Right to Receive an Accounting of Disclosure. You have a right to request an accounting of the disclosures of your PHI that Midwest has made, if any, for reasons other than disclosures for treatment, payment, healthcare operations or disclosures that have been made pursuant to proper authorization by you. Your right to an accounting of Midwest disclosures of your PHI applies only to your PHI created after April 14, 2003 and cannot exceed a period of six years prior to the date of your request. The initial accounting you request within a twelve-month period will be free. However, We may charge you for any additional accounting requests. We will notify you of the cost involved and you may choose to withdraw or modify your request before any costs are incurred. Regarding these requests, Write to our Privacy Officer.

Right to Receive Confidential Communication. You have the right to request communications involving your PHI be provided to you at an alternative location or by an alternative means of communication. Midwest is required to accommodate any reasonable request if the normal method of disclosure may endanger you. Write to our Privacy Officer with this request and briefly describe the reason for your request.

Right to File a Complaint. You have a right to file a complaint with Midwest or to the Secretary of Health and Human Services if you believe your privacy rights have been violated. All complaints must be submitted in writing. You will not be penalized or retaliated against in any way for filing a complaint. If you have questions on filing a complaint, please contact our Privacy Officer by calling 320.253.1909 or 1.800.383.1908. Submit complaints in writing to our Privacy Officer.

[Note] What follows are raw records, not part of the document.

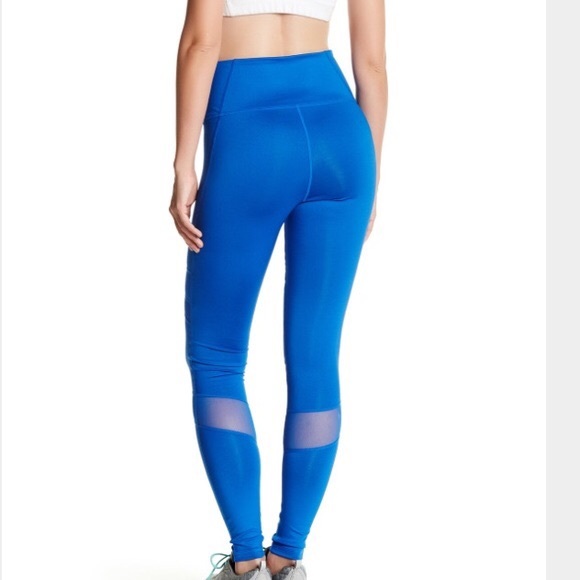 Zella Mesh Compression Cut Out Leggings Tights - Picture 2 of 7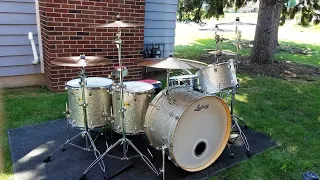 Ludwig Centennial and Paiste Cymbals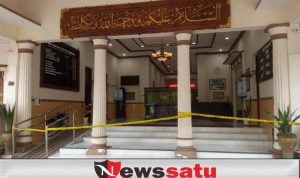 Dugaan Ada Aksi Pemukulan Terhadap Staf Dewan, Satreskrim Pasang Garis Police Line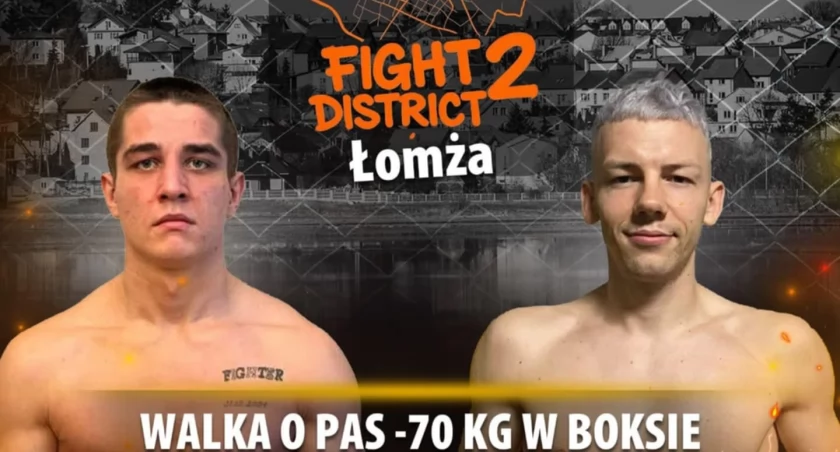 Dominik Dąbrowski powalczy o pas Fight District. „Pas zostaje w Łomży!”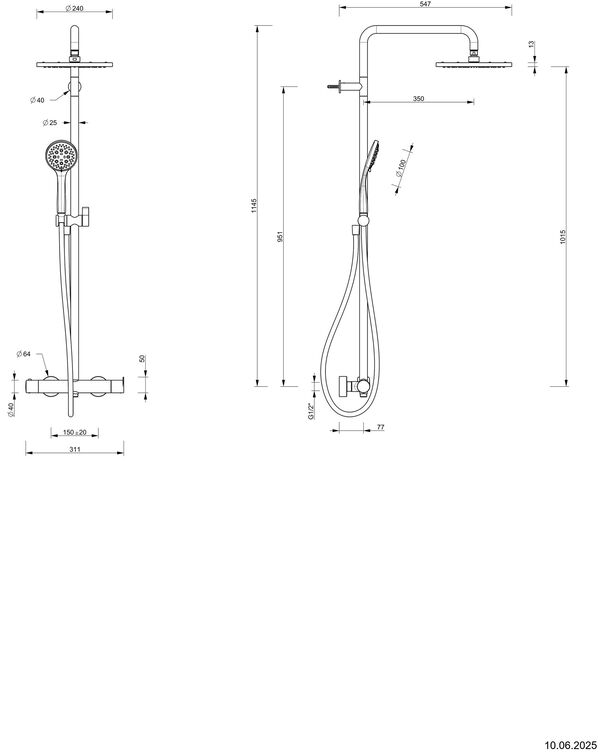 Showerstation Fantini Myo Matt copper PVD image number 1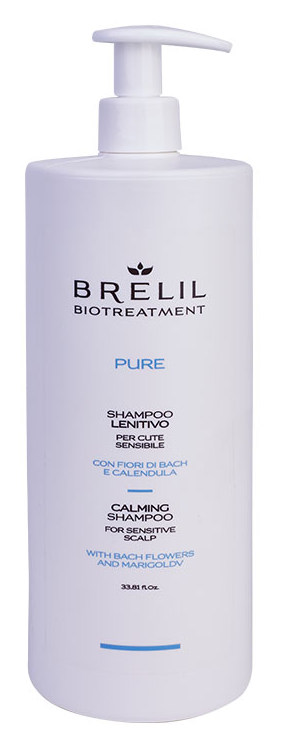 

BRELIL PROFESSIONAL Шампунь деликатный восстанавливающий для волос / BIOTREATMENT PURE SEBO CALMING Shampoo 1000 мл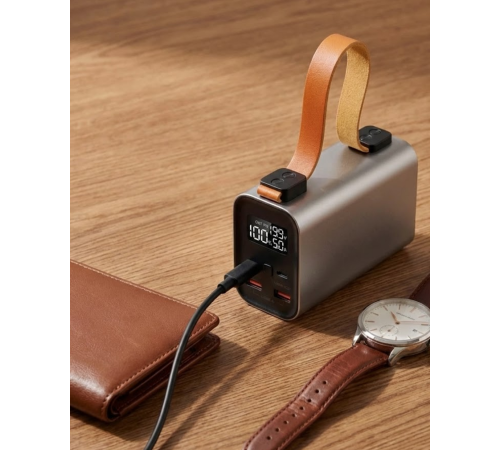 50000 mAh Güçlü Powerbank Dijital Göstergeli Çoklu USB Çıkışlı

Right to Receive a Paper Copy of This Notice. Upon request, even if you have previously agreed to accept this Notice electronically, you have a right to request a paper copy of this Notice. Make such request in writing addressed to our Privacy Officer.

Effective Date of Notice. This Notice was published and made effective April 14, 2003.

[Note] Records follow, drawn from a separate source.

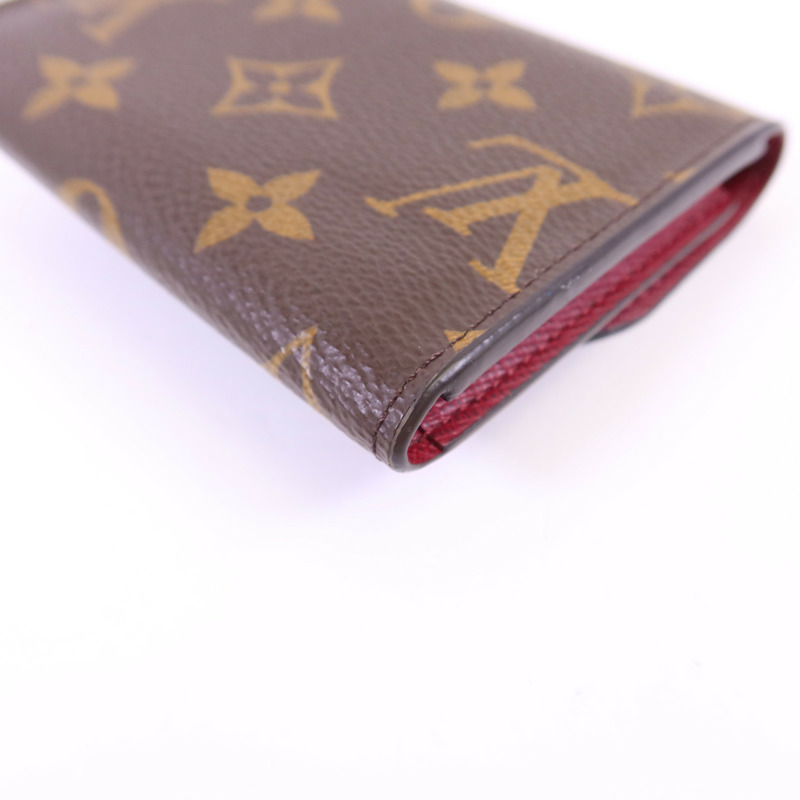 LOUIS VUITTON Monogram Rosalie金扣零錢包-10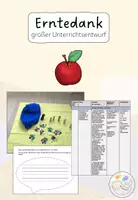 Vorschau - Stundenentwürfe - Großer Unterrichtsentwurf: Erntedank - Deckblatt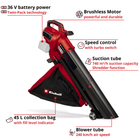 PXC 36V Cordless Professional Brushless Leaf Blower/Vac, Body Only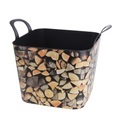 Eimer mit Henkel 36L schwarz/braun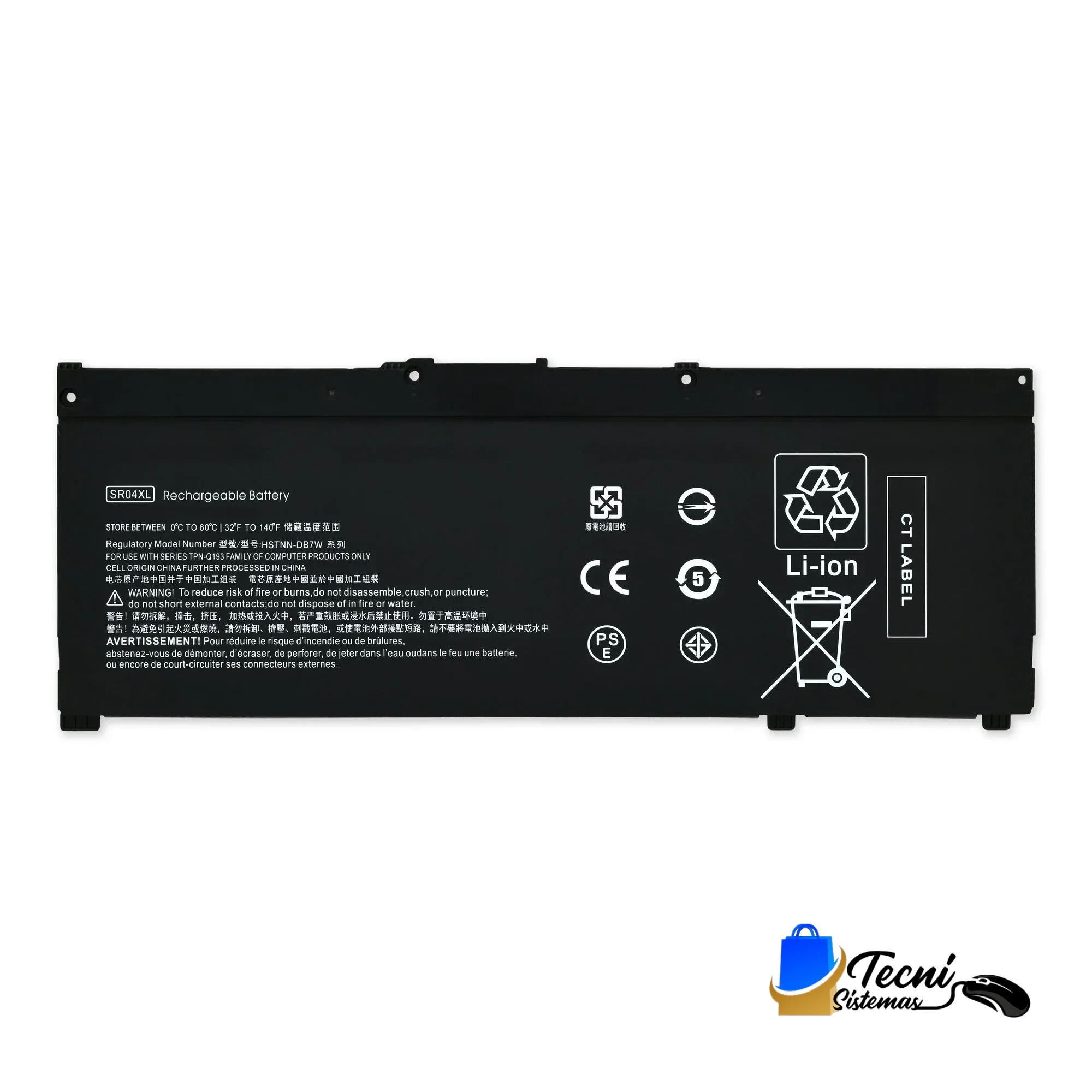 6iLLLMD3ROcWSfOA Batería compatible HP SR04XL 15.4V 70.07Wh 4550mAh 4 celdas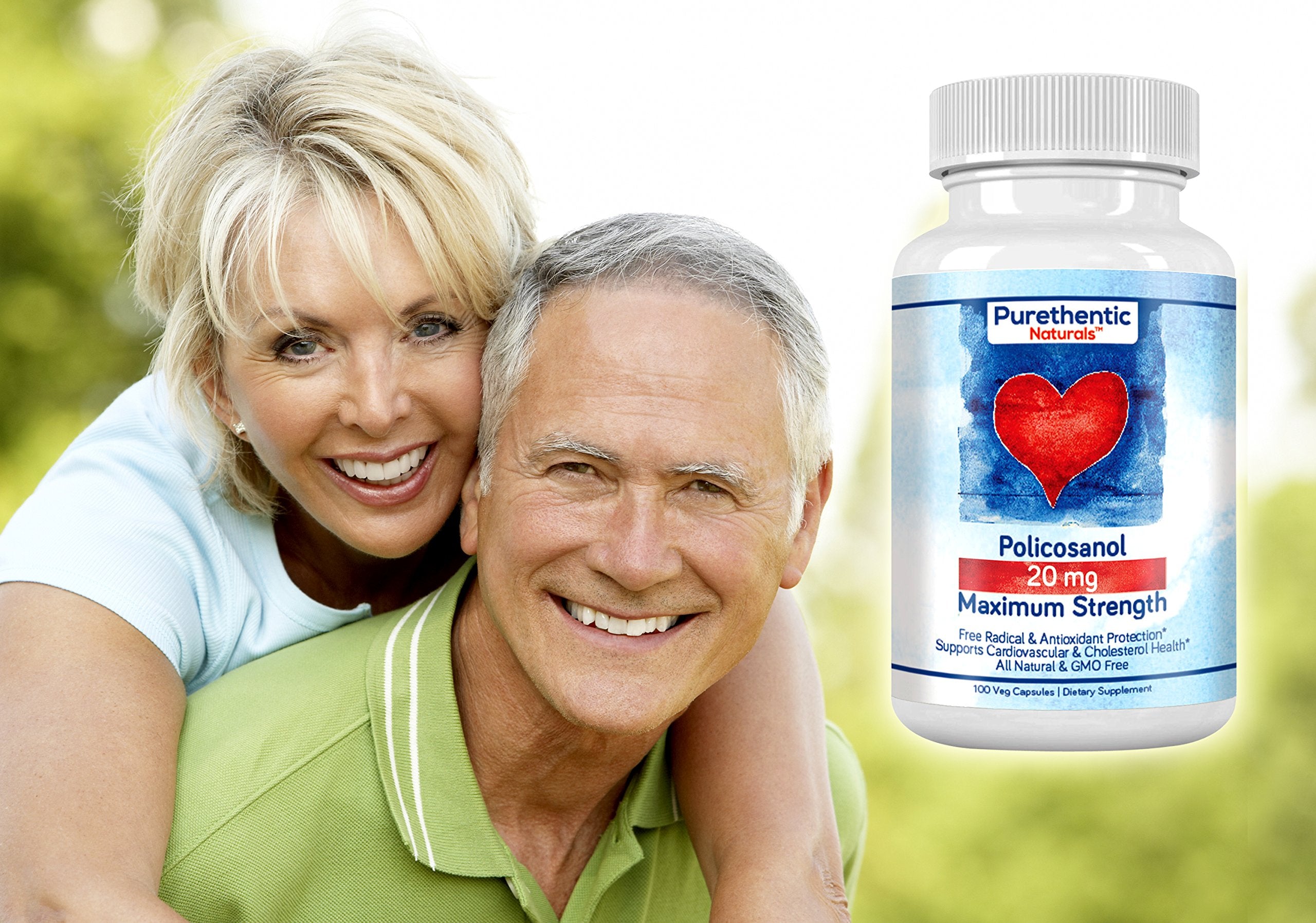 Puresugar cane Policosanol 20mg capsules back view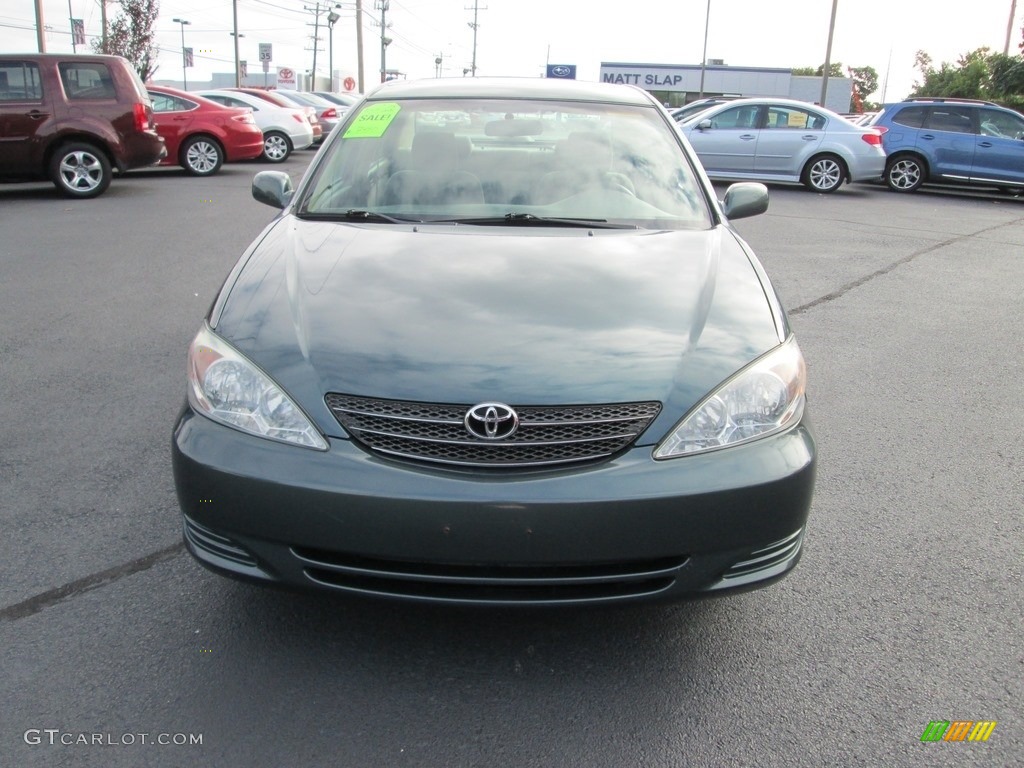 2003 Camry LE V6 - Aspen Green Pearl / Taupe photo #3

Additional Information or Change to this Notice. We reserve the right to add information or change the terms of this Notice at any time. The effective date of this Notice and any revised Notice may be found on the last page at the bottom right hand corner of the Notice. You may request a copy of a revised Notice by mail or email, but we will only deliver the Notice by email if email delivery is offered by Midwest and if you have agreed to such delivery. A copy of our Notice is also available in the Midwest lobby area. Write to our Privacy Officer for a copy.

Further Information. You may have other rights under various but related laws. You may always request information on our policies and practices by writing to our Privacy Officer.

Patient Acknowledgment of Receiving Notice of Privacy Practices & Midwest Documentation

You will be requested to acknowledge your receipt of this Notice of Privacy Practices by signature on a form designed for that purpose. Midwest will retain that form, once signed by you, within the medical record established for you by Midwest. If you refuse or are unable to sign the acknowledgment form that we provided you with this Notice, we will document your records accordingly as part of our good faith effort to promote your review and understanding of this Notice of Privacy Practices.